* **Dataset extract**:
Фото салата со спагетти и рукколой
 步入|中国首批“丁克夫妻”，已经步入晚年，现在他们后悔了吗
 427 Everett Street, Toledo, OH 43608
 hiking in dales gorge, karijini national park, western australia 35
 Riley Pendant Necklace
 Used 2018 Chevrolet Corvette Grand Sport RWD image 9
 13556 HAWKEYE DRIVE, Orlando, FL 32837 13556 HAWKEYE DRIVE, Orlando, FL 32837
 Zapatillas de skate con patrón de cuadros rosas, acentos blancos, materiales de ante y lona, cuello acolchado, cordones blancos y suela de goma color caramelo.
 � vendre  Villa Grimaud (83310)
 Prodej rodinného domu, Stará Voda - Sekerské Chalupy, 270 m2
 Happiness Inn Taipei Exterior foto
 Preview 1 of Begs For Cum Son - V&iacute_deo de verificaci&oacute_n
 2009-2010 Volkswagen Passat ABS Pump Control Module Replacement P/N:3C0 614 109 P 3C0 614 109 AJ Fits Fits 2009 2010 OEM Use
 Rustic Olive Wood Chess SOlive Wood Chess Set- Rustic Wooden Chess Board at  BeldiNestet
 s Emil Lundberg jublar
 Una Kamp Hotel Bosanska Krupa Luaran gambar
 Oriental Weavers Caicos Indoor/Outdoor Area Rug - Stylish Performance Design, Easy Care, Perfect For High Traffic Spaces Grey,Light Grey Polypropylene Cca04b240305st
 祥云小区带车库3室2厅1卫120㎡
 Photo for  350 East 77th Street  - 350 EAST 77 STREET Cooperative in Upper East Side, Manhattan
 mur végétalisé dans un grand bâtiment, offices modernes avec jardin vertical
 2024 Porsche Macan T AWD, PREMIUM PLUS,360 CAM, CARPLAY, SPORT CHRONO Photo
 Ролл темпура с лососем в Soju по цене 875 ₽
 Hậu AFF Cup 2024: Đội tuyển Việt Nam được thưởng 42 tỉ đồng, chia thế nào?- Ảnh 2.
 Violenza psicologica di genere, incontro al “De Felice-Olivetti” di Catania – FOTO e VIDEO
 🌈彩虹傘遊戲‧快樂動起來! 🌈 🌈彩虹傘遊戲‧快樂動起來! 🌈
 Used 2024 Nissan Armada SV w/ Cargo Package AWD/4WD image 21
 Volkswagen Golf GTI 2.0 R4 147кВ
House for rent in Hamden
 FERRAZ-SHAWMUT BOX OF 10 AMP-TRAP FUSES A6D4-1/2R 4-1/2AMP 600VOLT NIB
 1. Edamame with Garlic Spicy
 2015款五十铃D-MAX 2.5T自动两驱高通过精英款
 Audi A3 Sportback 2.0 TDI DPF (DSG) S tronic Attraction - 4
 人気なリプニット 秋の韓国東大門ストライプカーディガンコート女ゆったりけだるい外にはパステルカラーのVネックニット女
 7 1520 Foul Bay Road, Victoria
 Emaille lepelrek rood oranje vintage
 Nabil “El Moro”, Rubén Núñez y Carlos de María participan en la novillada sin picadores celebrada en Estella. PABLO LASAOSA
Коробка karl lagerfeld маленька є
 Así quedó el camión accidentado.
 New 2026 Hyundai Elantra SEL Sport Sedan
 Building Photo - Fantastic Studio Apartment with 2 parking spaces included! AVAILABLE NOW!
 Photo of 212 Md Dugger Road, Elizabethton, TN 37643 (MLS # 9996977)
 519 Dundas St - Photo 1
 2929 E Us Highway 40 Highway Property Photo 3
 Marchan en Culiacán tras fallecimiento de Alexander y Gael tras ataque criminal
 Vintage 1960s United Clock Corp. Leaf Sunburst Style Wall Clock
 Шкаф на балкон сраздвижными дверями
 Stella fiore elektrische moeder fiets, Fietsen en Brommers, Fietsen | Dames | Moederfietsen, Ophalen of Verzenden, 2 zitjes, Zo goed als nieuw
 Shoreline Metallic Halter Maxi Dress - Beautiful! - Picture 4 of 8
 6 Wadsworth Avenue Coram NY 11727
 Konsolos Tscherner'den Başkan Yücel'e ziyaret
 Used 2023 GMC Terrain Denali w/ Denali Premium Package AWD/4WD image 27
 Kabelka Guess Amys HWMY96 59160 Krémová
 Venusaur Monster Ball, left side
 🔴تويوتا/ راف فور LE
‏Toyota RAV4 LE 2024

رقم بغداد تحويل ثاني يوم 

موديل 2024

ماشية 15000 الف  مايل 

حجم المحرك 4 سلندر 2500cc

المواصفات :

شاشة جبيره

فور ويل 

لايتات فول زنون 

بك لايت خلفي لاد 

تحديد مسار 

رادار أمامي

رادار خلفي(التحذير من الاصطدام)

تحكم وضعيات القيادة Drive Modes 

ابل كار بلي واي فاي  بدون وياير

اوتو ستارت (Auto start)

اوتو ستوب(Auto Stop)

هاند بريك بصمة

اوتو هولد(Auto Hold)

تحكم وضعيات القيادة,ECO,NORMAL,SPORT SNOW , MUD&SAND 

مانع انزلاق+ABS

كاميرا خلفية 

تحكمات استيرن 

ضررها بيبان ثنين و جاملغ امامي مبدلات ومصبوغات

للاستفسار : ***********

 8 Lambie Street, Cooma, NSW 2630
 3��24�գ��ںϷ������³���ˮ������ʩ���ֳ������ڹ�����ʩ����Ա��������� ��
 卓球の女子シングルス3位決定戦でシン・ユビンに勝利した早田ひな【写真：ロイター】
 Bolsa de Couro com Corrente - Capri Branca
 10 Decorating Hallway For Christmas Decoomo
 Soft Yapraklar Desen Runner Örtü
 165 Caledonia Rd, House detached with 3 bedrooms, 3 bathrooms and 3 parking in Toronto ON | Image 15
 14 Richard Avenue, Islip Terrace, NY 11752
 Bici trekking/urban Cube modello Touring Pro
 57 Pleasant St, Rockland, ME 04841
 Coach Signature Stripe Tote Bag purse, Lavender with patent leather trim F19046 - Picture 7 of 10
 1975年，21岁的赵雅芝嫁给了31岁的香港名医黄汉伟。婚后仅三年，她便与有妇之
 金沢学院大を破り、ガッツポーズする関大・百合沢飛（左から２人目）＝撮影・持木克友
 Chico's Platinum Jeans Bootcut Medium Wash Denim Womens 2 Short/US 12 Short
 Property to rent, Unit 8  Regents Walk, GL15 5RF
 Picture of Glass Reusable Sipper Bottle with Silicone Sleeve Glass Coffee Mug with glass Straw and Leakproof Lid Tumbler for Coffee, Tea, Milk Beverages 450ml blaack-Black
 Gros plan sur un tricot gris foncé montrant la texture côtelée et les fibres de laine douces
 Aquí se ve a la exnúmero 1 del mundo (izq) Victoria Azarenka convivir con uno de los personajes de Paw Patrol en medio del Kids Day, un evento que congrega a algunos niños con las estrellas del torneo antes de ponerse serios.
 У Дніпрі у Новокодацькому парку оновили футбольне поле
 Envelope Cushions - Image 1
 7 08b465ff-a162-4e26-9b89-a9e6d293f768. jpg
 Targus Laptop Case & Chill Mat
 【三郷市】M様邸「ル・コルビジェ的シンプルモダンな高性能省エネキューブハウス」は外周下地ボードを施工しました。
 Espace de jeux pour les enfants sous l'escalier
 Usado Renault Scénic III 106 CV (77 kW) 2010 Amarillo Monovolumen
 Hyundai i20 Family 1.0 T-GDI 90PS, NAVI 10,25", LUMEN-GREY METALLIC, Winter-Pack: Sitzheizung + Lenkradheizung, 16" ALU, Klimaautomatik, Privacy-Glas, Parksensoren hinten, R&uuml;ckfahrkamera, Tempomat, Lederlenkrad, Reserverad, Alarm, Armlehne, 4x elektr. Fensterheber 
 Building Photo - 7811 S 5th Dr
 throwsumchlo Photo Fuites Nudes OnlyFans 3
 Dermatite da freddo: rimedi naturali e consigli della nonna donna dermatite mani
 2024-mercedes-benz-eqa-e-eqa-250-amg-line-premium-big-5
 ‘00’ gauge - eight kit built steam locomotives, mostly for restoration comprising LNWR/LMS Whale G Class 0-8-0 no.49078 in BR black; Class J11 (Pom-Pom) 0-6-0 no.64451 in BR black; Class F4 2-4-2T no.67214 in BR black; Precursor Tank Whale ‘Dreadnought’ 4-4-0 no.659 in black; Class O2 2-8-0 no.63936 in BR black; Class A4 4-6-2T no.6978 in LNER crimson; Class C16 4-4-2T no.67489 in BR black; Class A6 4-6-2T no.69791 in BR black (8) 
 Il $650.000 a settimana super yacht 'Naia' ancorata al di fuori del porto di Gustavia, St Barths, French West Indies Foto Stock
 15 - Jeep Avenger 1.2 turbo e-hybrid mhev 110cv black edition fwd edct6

* **Exercise aim**: Return, unchanged, the run of lines above that opens with the line containing "رادار أمامي" and closes with the line containing "تحكمات استيرن". Include both.

* **Answer box**:
رادار أمامي

رادار خلفي(التحذير من الاصطدام)

تحكم وضعيات القيادة Drive Modes 

ابل كار بلي واي فاي  بدون وياير

اوتو ستارت (Auto start)

اوتو ستوب(Auto Stop)

هاند بريك بصمة

اوتو هولد(Auto Hold)

تحكم وضعيات القيادة,ECO,NORMAL,SPORT SNOW , MUD&SAND 

مانع انزلاق+ABS

كاميرا خلفية 

تحكمات استيرن 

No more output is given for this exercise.